Quiero permitirme dirigirle unas palabra, pues Su merced, con todo y que el tiempo daña hasta las piedras, no deja de calar hondo en mi memoria como el gran hermano de todos y el gran camarada que conocí aquella noche, en aquel viejo motel de caos y niñas lolis que su merced y su servidor llamamos con dos letras.

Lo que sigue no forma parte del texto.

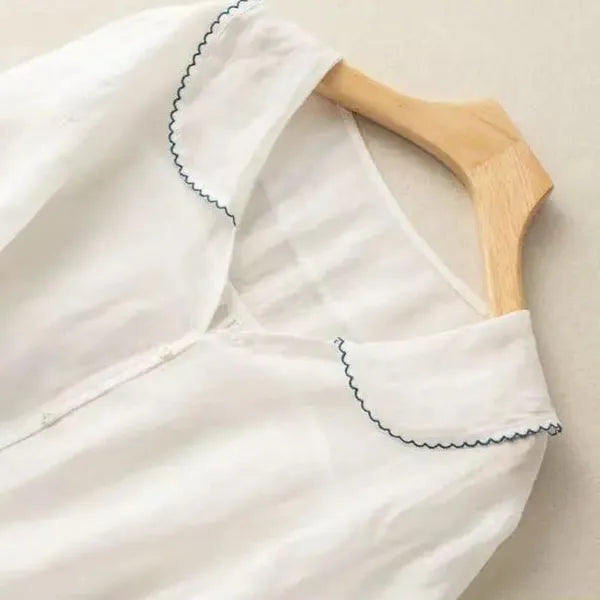 Tiara Linen Blouse – Scalloped Trim & Puff Sleeves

Mucho me gustaría poder haberle dado al menos el saludo cordial y el apretón de manos de buenos caballeros (que somos) a esta altura de nuestra madurez. Mas su merced comprendera que la distancia física es solo excusa de débiles y ebrios para no estrechar las manos como camaradas, compañeros de batallas y tragos, hermanos de raza y hasta viejos amigos. Tenga Su merced, entonces, una fotografía de mi mano:
Como Su merced merece algo más que solo mi humilde (y velluda) mano, pero no tengo hembras de mi familia que ofrecerle, sírvase Su merced a deleitarse de estas imágenes que he seleccionado para usted, cada una representando un poco de lo que definiría nuestras conversaciones en el pasado:
Ignoremos el hecho de que todas vienen de la misma página. Esa última... no tengo ni la menor idea de porqué la puse lol. Solo sentí que debía.Espero Su merced se sienta satisfecho con esto. No obstante, un último presente. Algo más tradicional, mundano, plebe. Un pastel de cumpleaños, de parte de su servidor:
Y, por supuesto, un trago de la bebida de tio Pepito. Pero supongo que Su merced habrá notado que está al comienzo de este mensaje.
Para finalizar, espero Su merced haya tenido un gran cumpleaños. Su servidor le recuerda con cariño, caballerosidad y mucha pastarafa (???).